やしお

ふつうの会社員の日記です。

中村恵二、榎木由紀子『最新ホテル業界の動向とカラクリがよ~くわかる本[第4版]』

https://bookmeter.com/reviews/109889565
コロナで旅行の機会が減ってから、なんとなくYouTubeで旅行やホテル滞在の動画を見るようになって、もうちょっと体系的にホテルの基礎知識を得たいという気持ちになってきて、あれこれ探して本書に行き着いた。業界に就職したい学生向けの参考書という感じで、体系的かはともかく網羅性はあった。ブランド名と実運営の主体が違う(同じマリオットでも中身は近鉄JR東海森トラストだったり)とか、普通に泊まってるだけだと全然分からないよね。

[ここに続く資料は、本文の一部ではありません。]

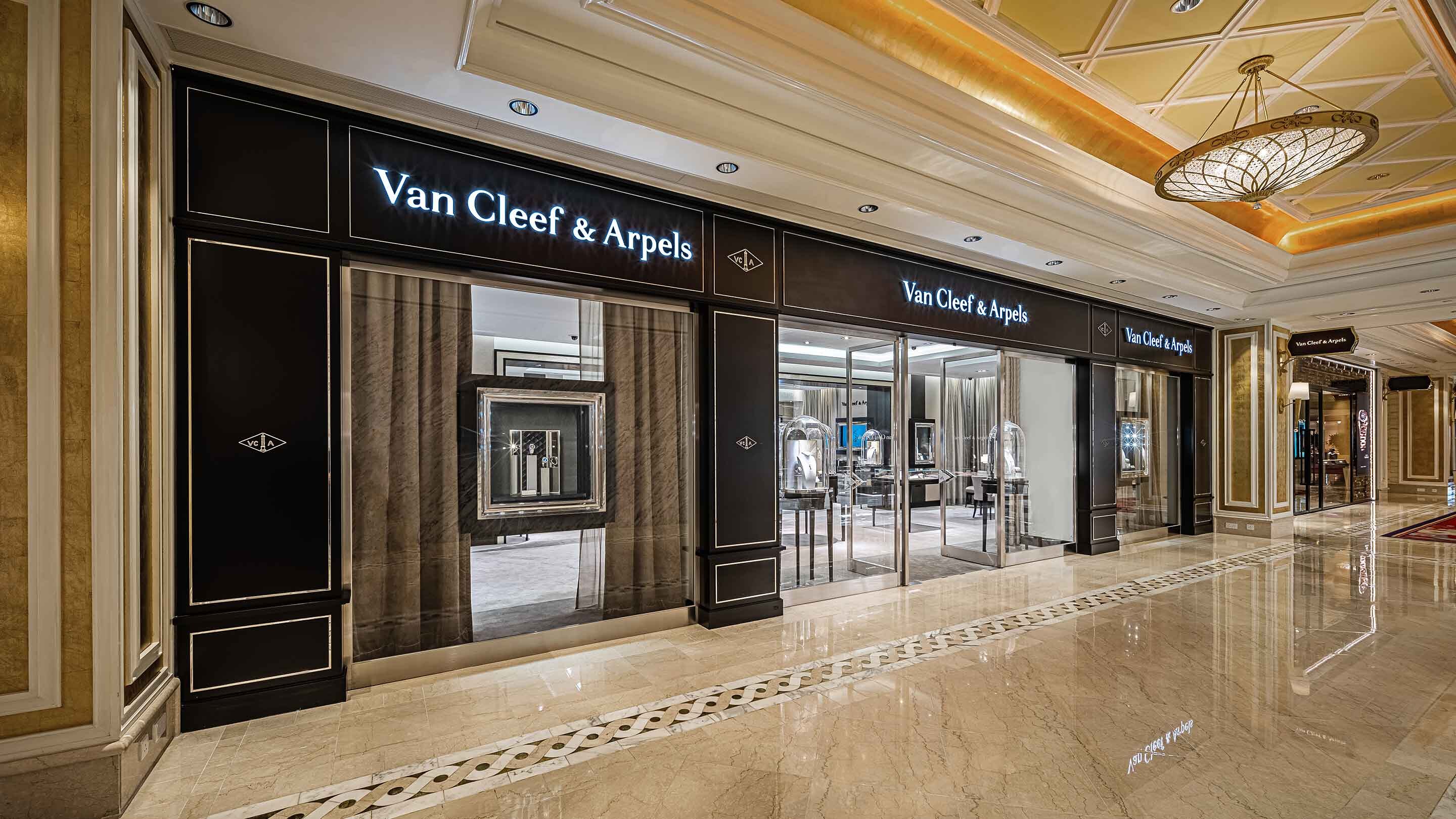 Macau, Wynn boutique present the reprsentative facade view. Van Cleef & Arpels.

 最近のラグジュアリーホテルだと、高層ビルの下層が商業施設、中層がオフィス、上層がホテル、というスタイルが多いけど、容積率の緩和とかの話とも絡んで量産されてる、という。
 しばらく前に横浜のインターコンチネンタルホテル(カマボコ型のあれ)に泊まって、確かに90年代前半の建設なので古さはあっても「大きなビルのまるごとがホテル」なのはやっぱいいなと思った。ロビーも広々してて「公共の場」感があるし。
 少し前に堤清二やセゾン関係の本を読んでいて、このみなとみらいのインターコンチネンタルホテルができた経緯も知ると、一種のひいき目で見ているところはあるのかもしれない。もはやセゾンとは無関係でも、下にセゾン美術館のミュージアムショップがあるのは、何か「夢の跡」感があった。
 上層階だけホテルスタイル、経済的な余裕のなさがむき出しなのが、「いいホテルに泊まったな」感を削いでくる感覚がちょっとある。歌舞伎座をビル化してオフィステナントの賃料収入で成立させるのも似た話かもしれない。経済合理性の追求は、余裕やゆとりとは方向性が違ってくる。
 といった素人がすぐに思うような話は、当事者は当然わかっていて、ホテルオークラ東京は建替えでビルの途中がオフィスフロアになったものの、ロビーを限りなくもとに近い雰囲気を維持していた。